What is required -> In the records below, the line that contains "未镶嵌手串翡翠手串多人不退不换" marks the start. Copy it and each line after it through the end, exactly, without pictures.

Collected data entries ->
★ ★ ★ ★
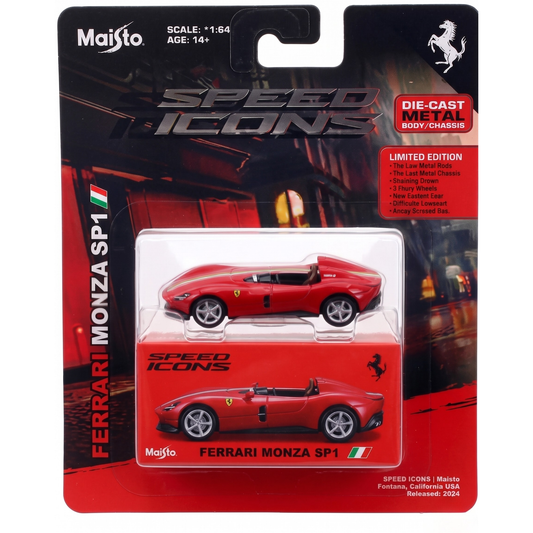 SPEED ICONS FERRARI MONZA SP1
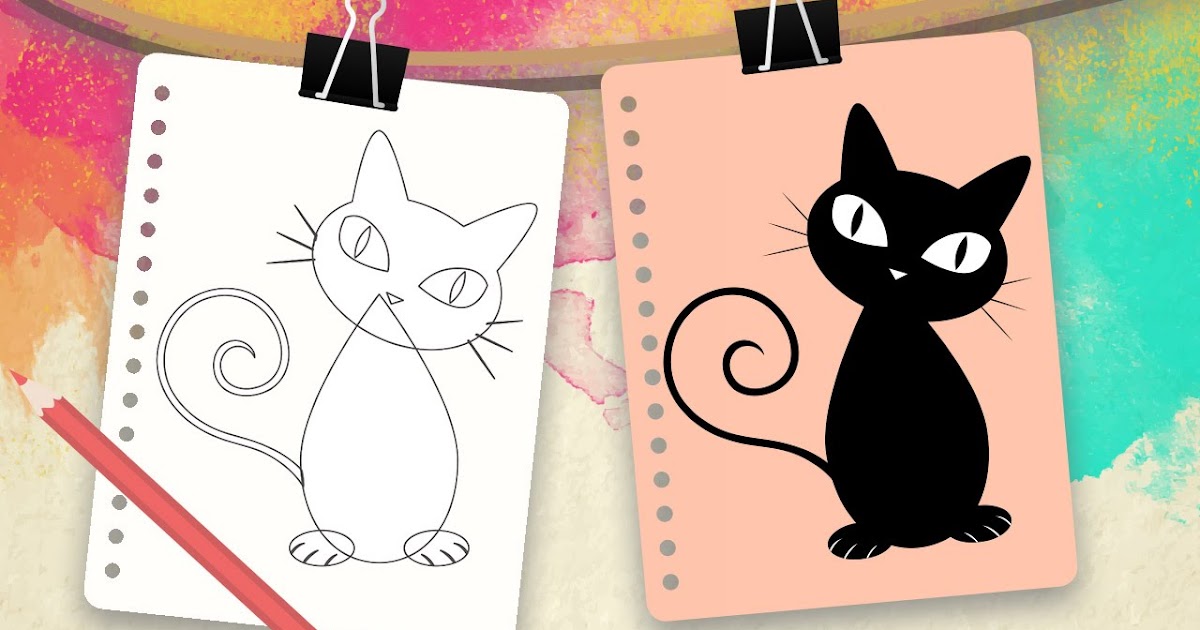 Dibujos Para Ninos Faciles Y Bonitos - Dibujos De Ninos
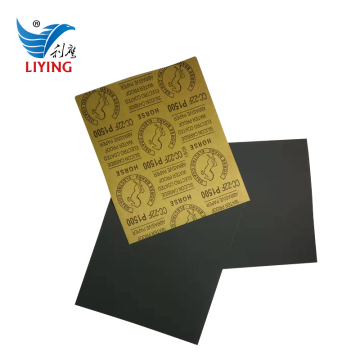 Water-Resistant Silicon Carbide Abrasive Sandpaper for Metal and Non-Metal Grinding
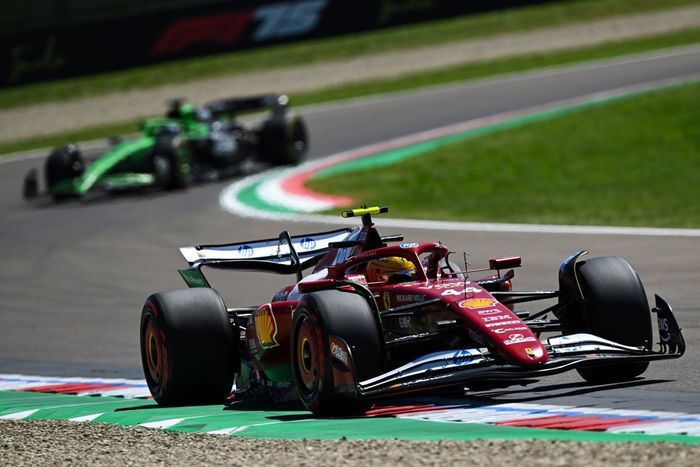 Lewis Hamilton, Ferrari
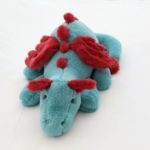 Peluche Dragon volant mignon, avec ailes, de 30 à 120 cm – Image 6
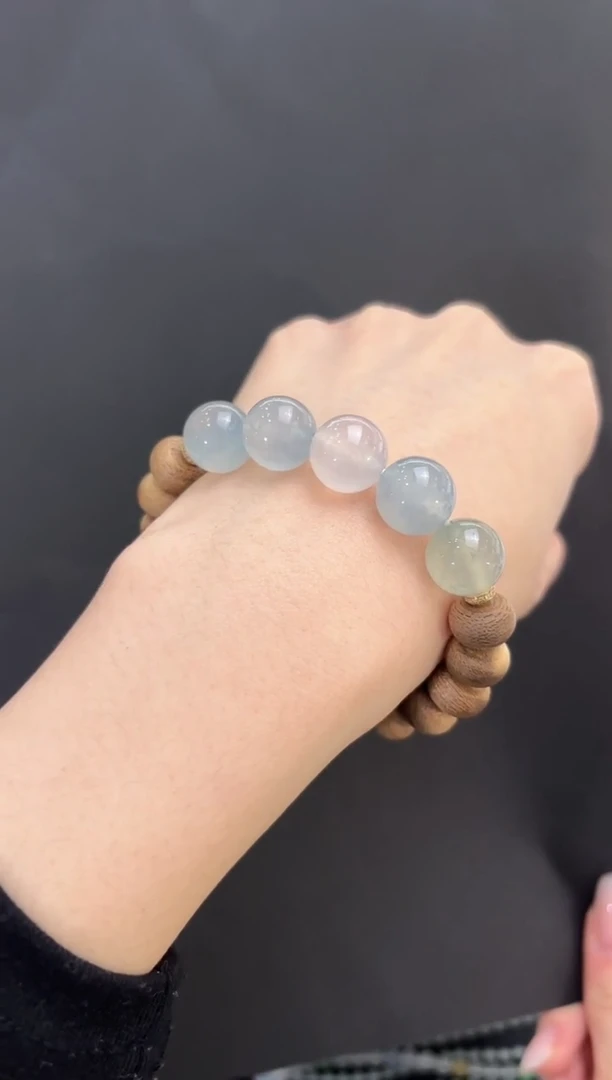 未镶嵌手串翡翠手串多人不退不换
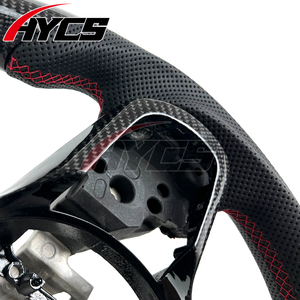 <span class=keywords><strong>Volante</strong></span> Deportivo JDM Personalizado con Cuero Napa, Fibra de Carbono y LED para <span class=keywords><strong>Mitsubishi</strong></span> Lancer Evolution EVO X - Product Image 5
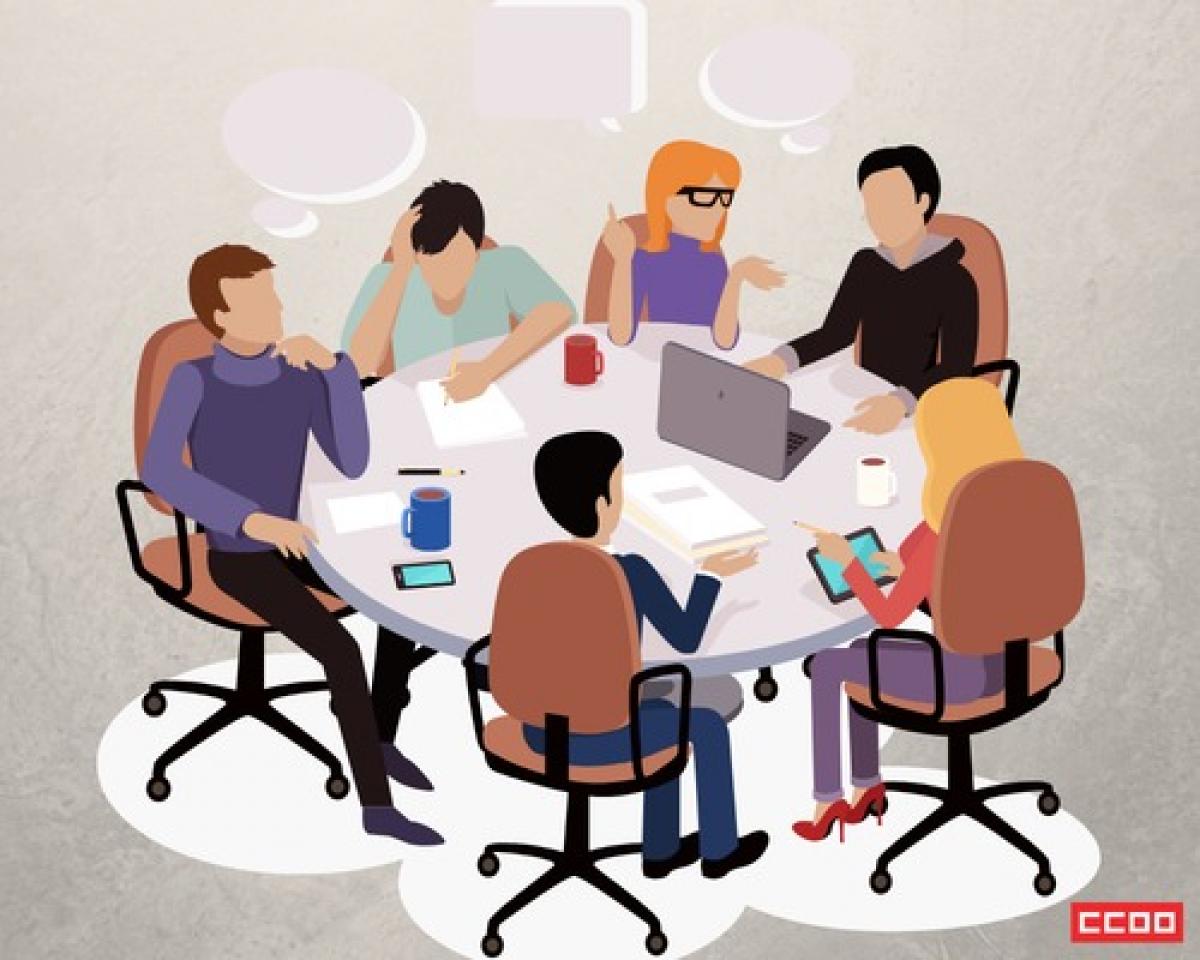 grupo de trabajo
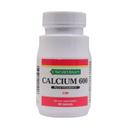 Nb Calcium 600+Vit D 60'S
★ ★ ★ ★
Result below ->
 未镶嵌手串翡翠手串多人不退不换
 <span class=keywords><strong>Volante</strong></span> Deportivo JDM Personalizado con Cuero Napa, Fibra de Carbono y LED para <span class=keywords><strong>Mitsubishi</strong></span> Lancer Evolution EVO X - Product Image 5
 grupo de trabajo
 Nb Calcium 600+Vit D 60'S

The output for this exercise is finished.